● **Work to complete**: Starting at the line that has "August Silk Grey" and stopping after the line that has "YSL MATELASSE CHEVRON", reproduce the listing below exactly; omit everything else.

%%

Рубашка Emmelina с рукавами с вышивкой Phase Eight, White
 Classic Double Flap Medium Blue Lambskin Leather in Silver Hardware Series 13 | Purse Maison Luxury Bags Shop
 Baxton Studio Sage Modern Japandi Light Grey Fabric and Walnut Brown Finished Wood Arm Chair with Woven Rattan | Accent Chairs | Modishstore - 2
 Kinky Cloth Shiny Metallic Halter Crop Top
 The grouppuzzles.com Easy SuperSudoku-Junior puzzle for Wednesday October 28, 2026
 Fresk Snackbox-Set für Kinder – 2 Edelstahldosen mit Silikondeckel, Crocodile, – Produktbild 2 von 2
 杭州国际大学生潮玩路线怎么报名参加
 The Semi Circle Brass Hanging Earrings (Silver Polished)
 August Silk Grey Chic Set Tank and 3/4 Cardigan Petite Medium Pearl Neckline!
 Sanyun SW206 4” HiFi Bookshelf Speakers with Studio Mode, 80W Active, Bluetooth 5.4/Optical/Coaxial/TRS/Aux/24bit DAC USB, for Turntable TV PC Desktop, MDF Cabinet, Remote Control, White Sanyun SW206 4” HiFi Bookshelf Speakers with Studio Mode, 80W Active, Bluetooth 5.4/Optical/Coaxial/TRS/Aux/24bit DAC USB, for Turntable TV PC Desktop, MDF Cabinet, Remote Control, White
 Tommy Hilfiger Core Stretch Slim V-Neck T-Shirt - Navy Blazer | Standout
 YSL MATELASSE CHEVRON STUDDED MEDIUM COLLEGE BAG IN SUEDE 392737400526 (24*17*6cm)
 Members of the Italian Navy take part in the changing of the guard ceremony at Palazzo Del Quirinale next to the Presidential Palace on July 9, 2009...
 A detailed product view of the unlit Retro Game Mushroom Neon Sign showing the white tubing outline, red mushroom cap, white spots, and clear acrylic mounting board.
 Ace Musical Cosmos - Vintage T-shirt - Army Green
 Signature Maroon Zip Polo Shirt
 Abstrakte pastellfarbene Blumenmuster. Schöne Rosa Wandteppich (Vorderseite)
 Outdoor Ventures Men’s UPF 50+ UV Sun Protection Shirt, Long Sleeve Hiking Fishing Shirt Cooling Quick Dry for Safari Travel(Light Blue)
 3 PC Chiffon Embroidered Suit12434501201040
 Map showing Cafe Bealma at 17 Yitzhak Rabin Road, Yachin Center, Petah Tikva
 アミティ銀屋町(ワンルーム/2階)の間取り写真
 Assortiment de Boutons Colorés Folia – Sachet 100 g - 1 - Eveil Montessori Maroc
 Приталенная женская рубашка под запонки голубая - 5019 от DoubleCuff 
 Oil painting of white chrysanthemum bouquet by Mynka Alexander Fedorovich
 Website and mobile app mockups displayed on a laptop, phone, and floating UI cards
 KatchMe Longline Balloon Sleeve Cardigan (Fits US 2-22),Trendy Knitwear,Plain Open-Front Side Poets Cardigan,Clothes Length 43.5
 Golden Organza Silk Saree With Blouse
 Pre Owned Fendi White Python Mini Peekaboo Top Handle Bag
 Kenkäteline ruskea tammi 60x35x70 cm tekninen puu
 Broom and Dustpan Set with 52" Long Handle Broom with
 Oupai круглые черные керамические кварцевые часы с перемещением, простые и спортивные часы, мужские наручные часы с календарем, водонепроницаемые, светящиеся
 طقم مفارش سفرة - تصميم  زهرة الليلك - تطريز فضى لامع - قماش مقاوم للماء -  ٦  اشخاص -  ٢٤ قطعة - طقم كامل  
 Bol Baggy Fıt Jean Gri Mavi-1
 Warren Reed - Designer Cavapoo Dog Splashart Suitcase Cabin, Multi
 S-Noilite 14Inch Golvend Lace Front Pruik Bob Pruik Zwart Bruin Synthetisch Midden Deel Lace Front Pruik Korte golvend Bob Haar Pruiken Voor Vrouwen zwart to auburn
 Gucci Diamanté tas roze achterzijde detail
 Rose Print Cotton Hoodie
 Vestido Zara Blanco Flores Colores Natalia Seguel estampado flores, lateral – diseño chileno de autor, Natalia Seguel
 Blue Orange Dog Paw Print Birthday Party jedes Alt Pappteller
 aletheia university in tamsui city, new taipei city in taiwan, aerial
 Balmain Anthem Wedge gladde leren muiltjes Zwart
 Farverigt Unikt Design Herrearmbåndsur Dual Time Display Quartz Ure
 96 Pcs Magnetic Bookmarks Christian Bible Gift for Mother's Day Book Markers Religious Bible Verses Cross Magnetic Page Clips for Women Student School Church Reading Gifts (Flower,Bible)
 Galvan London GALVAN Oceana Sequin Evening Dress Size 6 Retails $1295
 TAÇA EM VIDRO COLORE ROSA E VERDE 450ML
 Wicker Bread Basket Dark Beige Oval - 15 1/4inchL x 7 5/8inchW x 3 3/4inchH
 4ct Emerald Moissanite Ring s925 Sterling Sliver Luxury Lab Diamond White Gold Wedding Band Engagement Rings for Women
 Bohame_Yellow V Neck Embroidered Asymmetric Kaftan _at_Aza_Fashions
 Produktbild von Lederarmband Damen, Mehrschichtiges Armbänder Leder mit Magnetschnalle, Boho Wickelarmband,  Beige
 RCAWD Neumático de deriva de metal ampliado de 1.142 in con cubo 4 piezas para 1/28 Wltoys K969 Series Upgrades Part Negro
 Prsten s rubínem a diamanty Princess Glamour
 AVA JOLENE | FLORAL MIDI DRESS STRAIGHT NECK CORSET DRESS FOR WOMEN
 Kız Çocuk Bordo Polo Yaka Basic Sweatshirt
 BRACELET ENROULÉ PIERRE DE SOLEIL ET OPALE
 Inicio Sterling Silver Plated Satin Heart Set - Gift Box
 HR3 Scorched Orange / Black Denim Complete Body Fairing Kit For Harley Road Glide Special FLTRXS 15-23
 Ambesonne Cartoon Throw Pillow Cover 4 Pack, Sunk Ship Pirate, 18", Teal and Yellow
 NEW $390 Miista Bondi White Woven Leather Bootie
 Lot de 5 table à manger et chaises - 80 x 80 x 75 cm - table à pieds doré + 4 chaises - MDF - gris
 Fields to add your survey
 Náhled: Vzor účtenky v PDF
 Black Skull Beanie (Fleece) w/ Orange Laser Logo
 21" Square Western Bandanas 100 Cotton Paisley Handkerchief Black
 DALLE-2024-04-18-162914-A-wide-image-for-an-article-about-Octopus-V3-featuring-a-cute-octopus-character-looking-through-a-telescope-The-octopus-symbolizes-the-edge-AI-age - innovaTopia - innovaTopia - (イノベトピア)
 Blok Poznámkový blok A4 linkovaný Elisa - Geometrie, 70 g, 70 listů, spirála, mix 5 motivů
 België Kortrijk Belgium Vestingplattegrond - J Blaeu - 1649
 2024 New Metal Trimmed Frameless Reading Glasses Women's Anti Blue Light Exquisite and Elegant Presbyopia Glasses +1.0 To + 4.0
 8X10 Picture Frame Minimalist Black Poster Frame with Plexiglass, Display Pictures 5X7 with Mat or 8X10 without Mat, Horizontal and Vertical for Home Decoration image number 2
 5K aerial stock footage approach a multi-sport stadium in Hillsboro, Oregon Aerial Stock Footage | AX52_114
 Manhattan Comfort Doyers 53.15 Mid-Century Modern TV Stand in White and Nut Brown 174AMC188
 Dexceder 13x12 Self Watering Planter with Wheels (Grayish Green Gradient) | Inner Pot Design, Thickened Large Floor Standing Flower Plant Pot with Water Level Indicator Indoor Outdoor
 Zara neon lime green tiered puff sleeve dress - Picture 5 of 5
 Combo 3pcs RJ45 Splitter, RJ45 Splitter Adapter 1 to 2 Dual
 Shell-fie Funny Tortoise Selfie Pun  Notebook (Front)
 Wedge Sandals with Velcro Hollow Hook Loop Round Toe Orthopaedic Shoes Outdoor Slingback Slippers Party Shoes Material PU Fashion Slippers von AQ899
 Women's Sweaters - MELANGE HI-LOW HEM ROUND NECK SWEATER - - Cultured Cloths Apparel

%%

● **Result of the task**:
 August Silk Grey Chic Set Tank and 3/4 Cardigan Petite Medium Pearl Neckline!
 Sanyun SW206 4” HiFi Bookshelf Speakers with Studio Mode, 80W Active, Bluetooth 5.4/Optical/Coaxial/TRS/Aux/24bit DAC USB, for Turntable TV PC Desktop, MDF Cabinet, Remote Control, White Sanyun SW206 4” HiFi Bookshelf Speakers with Studio Mode, 80W Active, Bluetooth 5.4/Optical/Coaxial/TRS/Aux/24bit DAC USB, for Turntable TV PC Desktop, MDF Cabinet, Remote Control, White
 Tommy Hilfiger Core Stretch Slim V-Neck T-Shirt - Navy Blazer | Standout
 YSL MATELASSE CHEVRON STUDDED MEDIUM COLLEGE BAG IN SUEDE 392737400526 (24*17*6cm)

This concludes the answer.